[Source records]
----

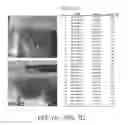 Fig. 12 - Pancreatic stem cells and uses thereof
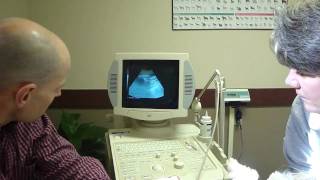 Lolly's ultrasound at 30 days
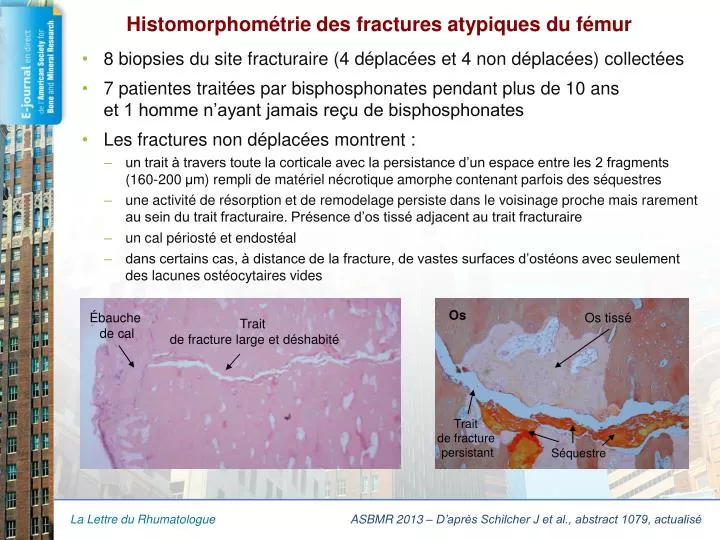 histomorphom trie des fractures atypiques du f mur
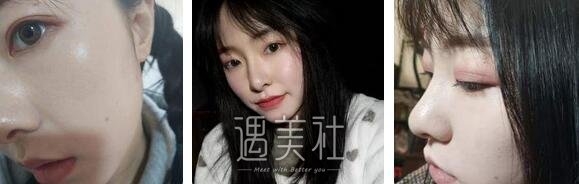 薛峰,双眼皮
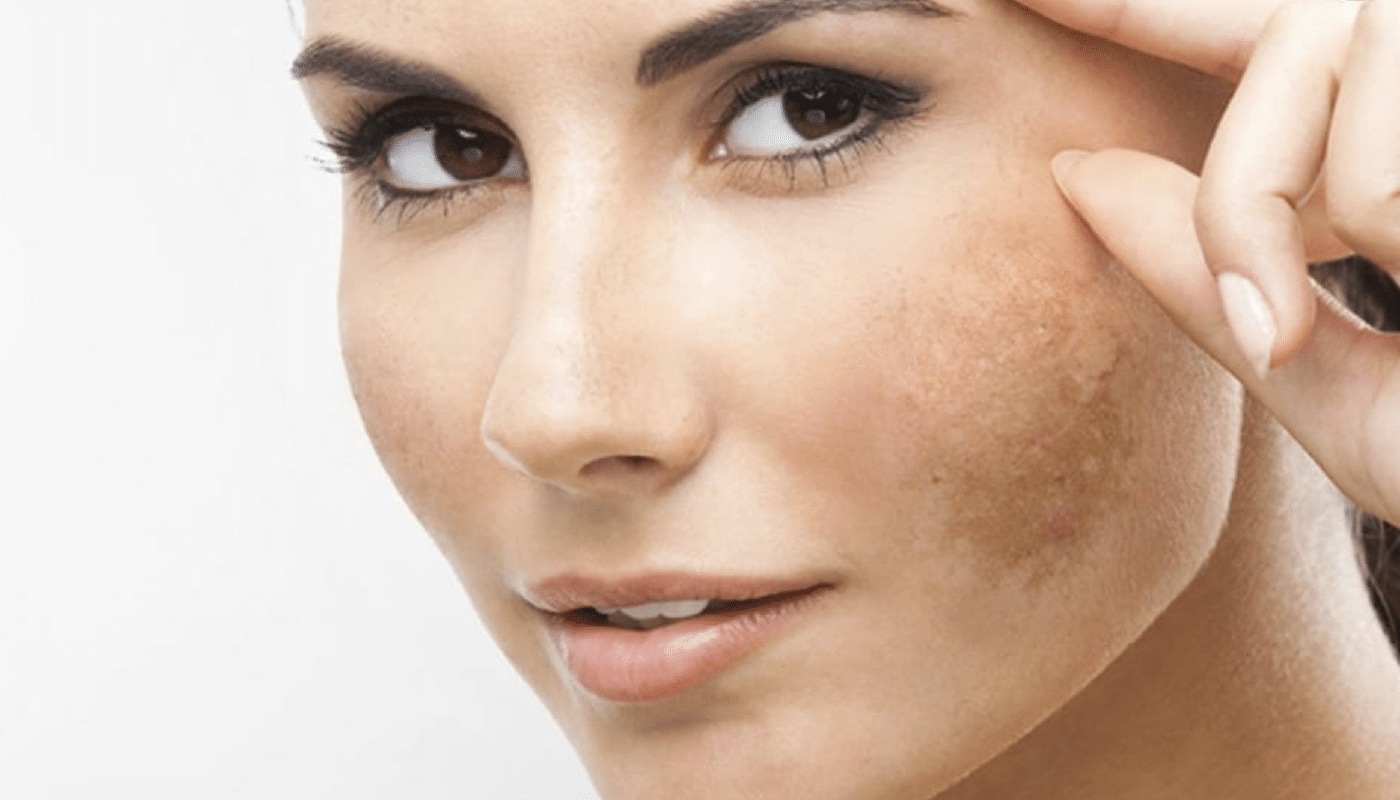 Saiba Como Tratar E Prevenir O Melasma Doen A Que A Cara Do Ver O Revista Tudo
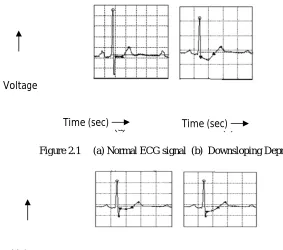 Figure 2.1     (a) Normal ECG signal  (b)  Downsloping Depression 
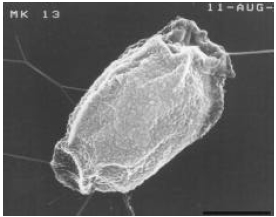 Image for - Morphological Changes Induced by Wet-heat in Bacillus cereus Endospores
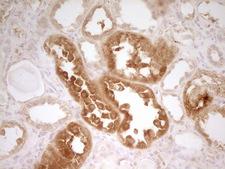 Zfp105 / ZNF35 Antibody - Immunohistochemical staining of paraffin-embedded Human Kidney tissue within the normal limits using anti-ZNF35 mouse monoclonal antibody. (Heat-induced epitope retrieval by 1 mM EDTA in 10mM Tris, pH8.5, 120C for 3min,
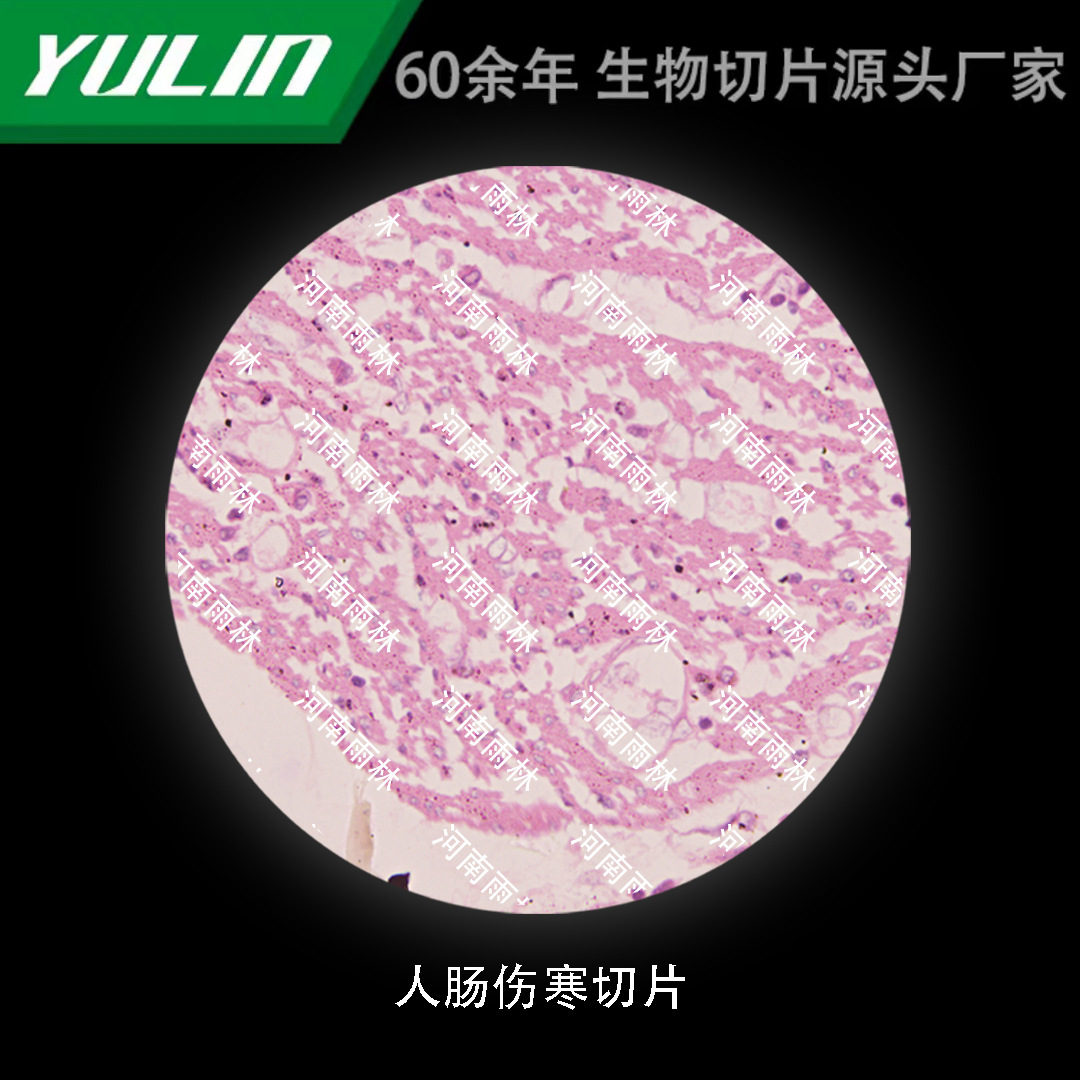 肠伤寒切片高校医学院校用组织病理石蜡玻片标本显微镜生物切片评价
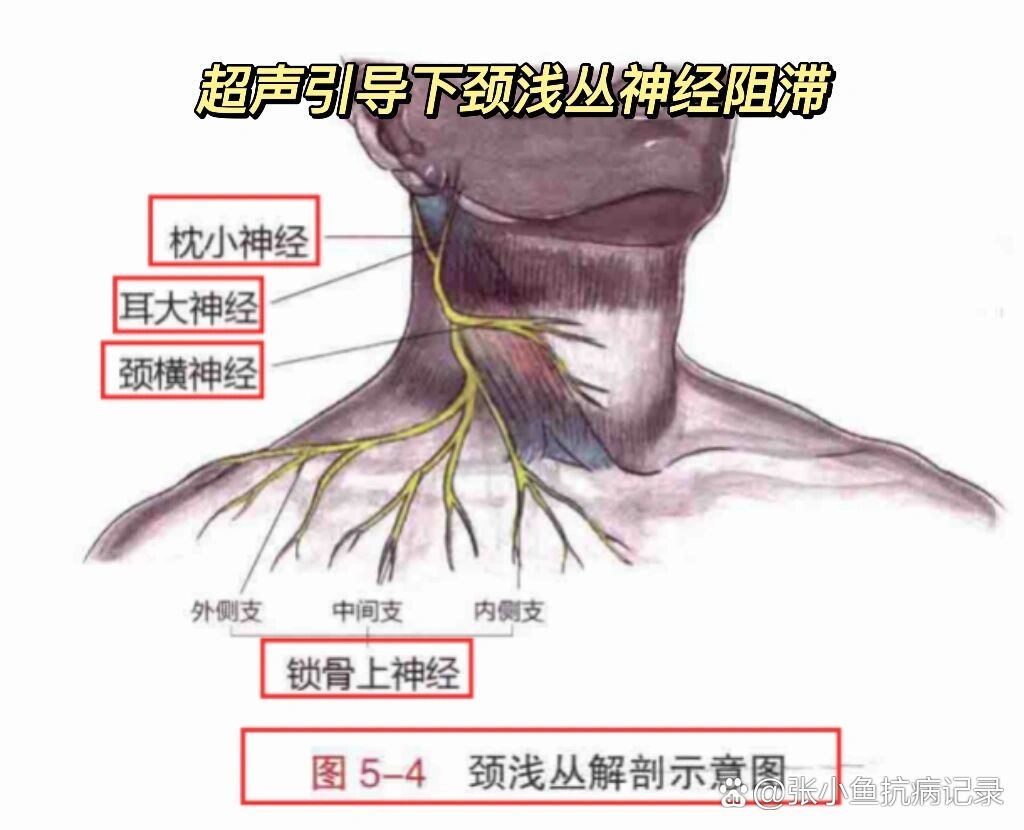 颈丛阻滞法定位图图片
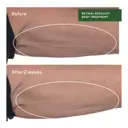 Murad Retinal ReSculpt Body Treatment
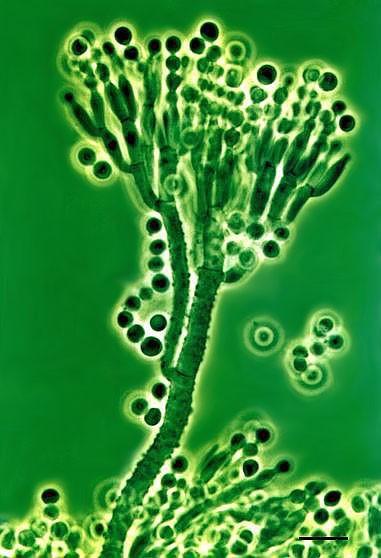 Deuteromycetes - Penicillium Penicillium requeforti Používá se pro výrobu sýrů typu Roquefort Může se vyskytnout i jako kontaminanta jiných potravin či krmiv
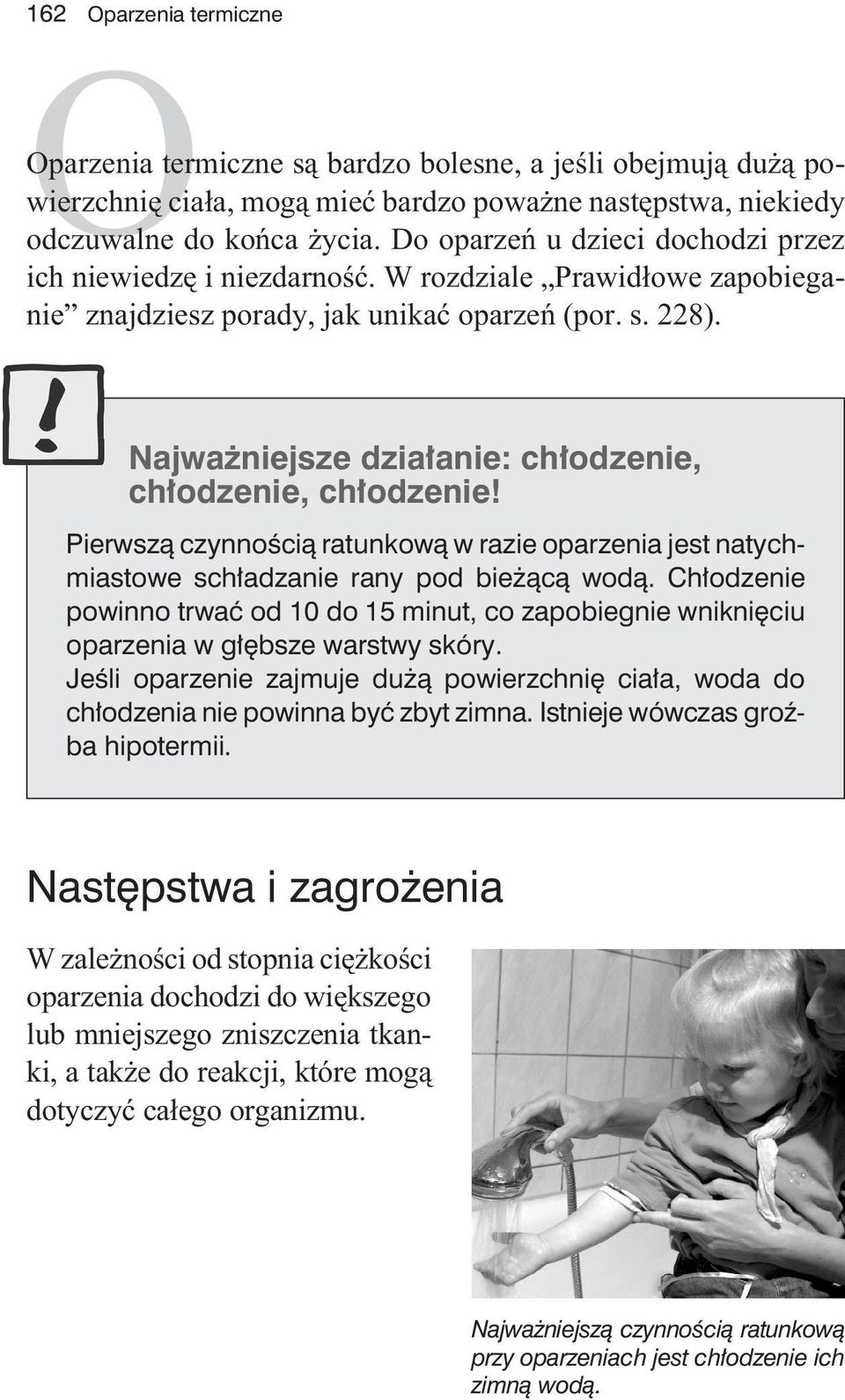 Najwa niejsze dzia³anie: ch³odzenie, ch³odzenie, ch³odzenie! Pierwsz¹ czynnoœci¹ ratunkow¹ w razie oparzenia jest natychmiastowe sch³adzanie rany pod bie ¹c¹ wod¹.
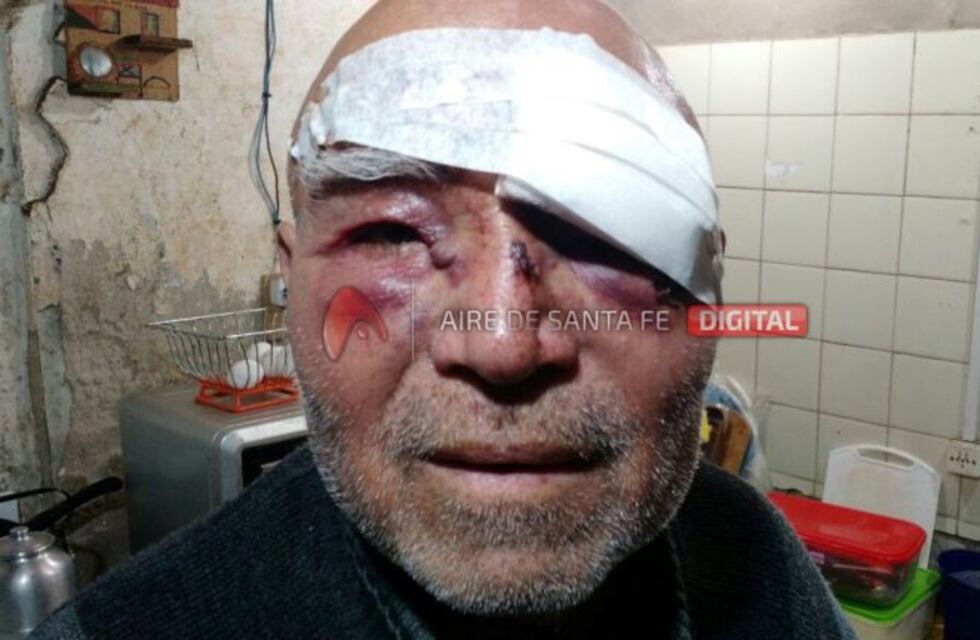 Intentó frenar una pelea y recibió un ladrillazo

----

__About this task__.
All of the data must be given again exactly, without the pictures.

__Result for this task__.
 Fig. 12 - Pancreatic stem cells and uses thereof
 Lolly's ultrasound at 30 days
 histomorphom trie des fractures atypiques du f mur
 薛峰,双眼皮
 Saiba Como Tratar E Prevenir O Melasma Doen A Que A Cara Do Ver O Revista Tudo
 Figure 2.1     (a) Normal ECG signal  (b)  Downsloping Depression 
 Image for - Morphological Changes Induced by Wet-heat in Bacillus cereus Endospores
 Zfp105 / ZNF35 Antibody - Immunohistochemical staining of paraffin-embedded Human Kidney tissue within the normal limits using anti-ZNF35 mouse monoclonal antibody. (Heat-induced epitope retrieval by 1 mM EDTA in 10mM Tris, pH8.5, 120C for 3min,
 肠伤寒切片高校医学院校用组织病理石蜡玻片标本显微镜生物切片评价
 颈丛阻滞法定位图图片
 Murad Retinal ReSculpt Body Treatment
 Deuteromycetes - Penicillium Penicillium requeforti Používá se pro výrobu sýrů typu Roquefort Může se vyskytnout i jako kontaminanta jiných potravin či krmiv
 Najwa niejsze dzia³anie: ch³odzenie, ch³odzenie, ch³odzenie! Pierwsz¹ czynnoœci¹ ratunkow¹ w razie oparzenia jest natychmiastowe sch³adzanie rany pod bie ¹c¹ wod¹.
 Intentó frenar una pelea y recibió un ladrillazo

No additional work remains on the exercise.